There are plenty of cases regarding ada abuses in california.
Or you could see it as them using the Ada for it's exact intended purpose, to force businesses not to exclude disabled customers by imposing an actual cost on them that is potentially greater than the cost of complying with the act. Sounds good to me!
I don't see how this is good. Some businesses allow their customers to use their private bathroom on a case by case basis. Now they will just stop doing that so everyone suffers equally.
Their bathrooms should be accessible for their employees as well, even if they're not usable by customers, because disabled people should be able to work to.
In many parts of the US the city bills the homeowners for sidewalk repairs or replacement even if they do the work.

In areas with an HOA often the HOA or homeowners are responsible for things the government is in other places, roads, street lights, sidewalks, storm drains.

So basically bilking people with overpriced and unnecessary (not to mention: loud) services by making vague legal threats?

As a society, we should really spend more time and effort doing this.

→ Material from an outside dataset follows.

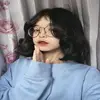 Xuân Trang - @blanchardjane855 - TikTok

Three of my friends are doing “HOA” non-tech plays. So there’s totally space.
You realize this is basically a shakedown, likely with either a kickback from the concrete cutter or nepotism? Seems kind of unethical
Since I made this comment yesterday I've thought it about it. lot more. I did some more research and discovered there is a franchise!! around sidewalk repairs exploiting ADA requirements from schools, govt buildings, etc type places that have to maintain compliance.

So the comments referring to this being a shake down are pretty much on point. I mean it isn't much of a surprise.

There's real value to what this service offers, people do want to fix mangled sidewalks, but the shakedown side of the business is where the money is at unfortunately (or not depending on your morals).

Also I was off on the costs, in the email it said there were 2 spots affected and the estimate was $280!! It took the guy ~2 days to do the whole neighborhood, each section took maybe 15mins at what looked like a comfortable pace. So the $/hr is very high.